The media has spent the last week reporting on a whistleblower complaint against a conversation President Donald Trump had with a foreign leader. We don’t know the exact details of the complaint, but reports have centered around a call with the president of Ukraine.
Despite this focus on allegedly terrible news for Trump’s presidency, the Republican National Committee highlighted multiple news stories favoring Trump’s re-election that flew under the radar.
CNN sent a reporter to “Democratic strongholds” in Minnesota and learned that more and more residents have found themselves aligning with Trump. “Folks here say they didn’t leave the Democratic Party,” CNN’s Martin Savidge reported, “the party left them.” Much of the reason Trump has earned their trust is his support for mining.

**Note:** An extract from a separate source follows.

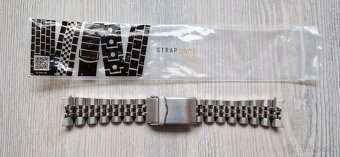 Predám bracelet Strapcode Angus J Louis 22mm - 3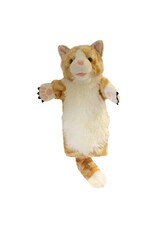 The Puppet Company Long-Sleeved Hand Puppets: Cat Ginger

Trump’s re-election campaign also appears hopeful for their chances in New Mexico. Campaign Manager Brad Parscale tweeted last Tuesday that more than 45,000 people registered for the president’s rally in New Mexico, 94% of whom were from the state. He also revealed that 48% of the attendees were women, and 40% were Latino.
The campaign is actively seeking to court New Mexico in 2020. Trump lost the state by 8 points to Hillary Clinton in 2016, yet campaign officials and some political analysts believes it’s in play for 2020. Rhiannon Samuel, director of the nonpartisan group Viante New Mexico, told a local news outlet last week that she would argue New Mexico is in play for Trump, adding that it “has been known to be a bellwether state.”

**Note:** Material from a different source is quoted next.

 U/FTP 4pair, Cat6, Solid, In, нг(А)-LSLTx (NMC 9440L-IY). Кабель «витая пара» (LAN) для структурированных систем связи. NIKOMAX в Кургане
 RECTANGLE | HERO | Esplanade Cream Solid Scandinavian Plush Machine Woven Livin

The RNC raised more than $23 million in August, The Daily Wire’s Molly Prince reported Saturday. They currently has 6.5 times as much cash-on-hand than the Democratic National Committee. The RNC has said it can use its additional cash to expand Trump’s re-election bid to states like Minnesota, New Mexico, and others.

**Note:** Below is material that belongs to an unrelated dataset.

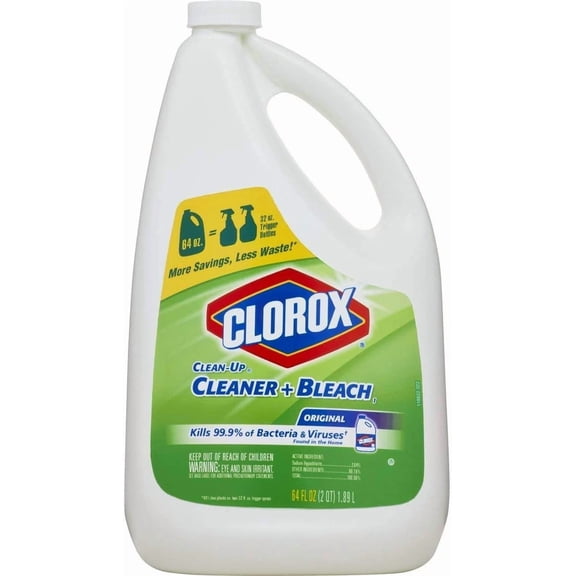 Clorox Company 01151 Bleach Cleanup Refill, 64-Ounce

The problem for Democrats, outside of reduced resources, is the implication that they have lost touch with the American people, just as CNN reported from Minnesota. McClatchy reported last week that swing-district Democrats are alienating large swaths of the population:
But like many Democratic candidates in competitive down-ballot races, [Democrat candidate Sri Preston] Kulkarni’s relatively moderate message and agenda are at times wildly at odds from some of his party’s leading contenders for the White House — particularly progressives Elizabeth Warren and Bernie Sanders.
It’s a disconnect some Democratic operatives worry will harm the party’s chances as they seek to maintain their House majority and take control of the Senate.
Another Democratic strategist told the outlet that the eventual nominee would need “a crash course” in how to “frame their message alongside what’s happening at the presidential ticket.”
New York City Mayor Bill de Blasio, who exited the Democratic primary last week, warned other candidates: “I talked to a lot of folks, including a lot of labor union members, who really don’t feel the Democratic Party has their back right now.”
All this is working against the Democrats, all while Bloomberg reported that the economy is not only growing, but surpassing expectations.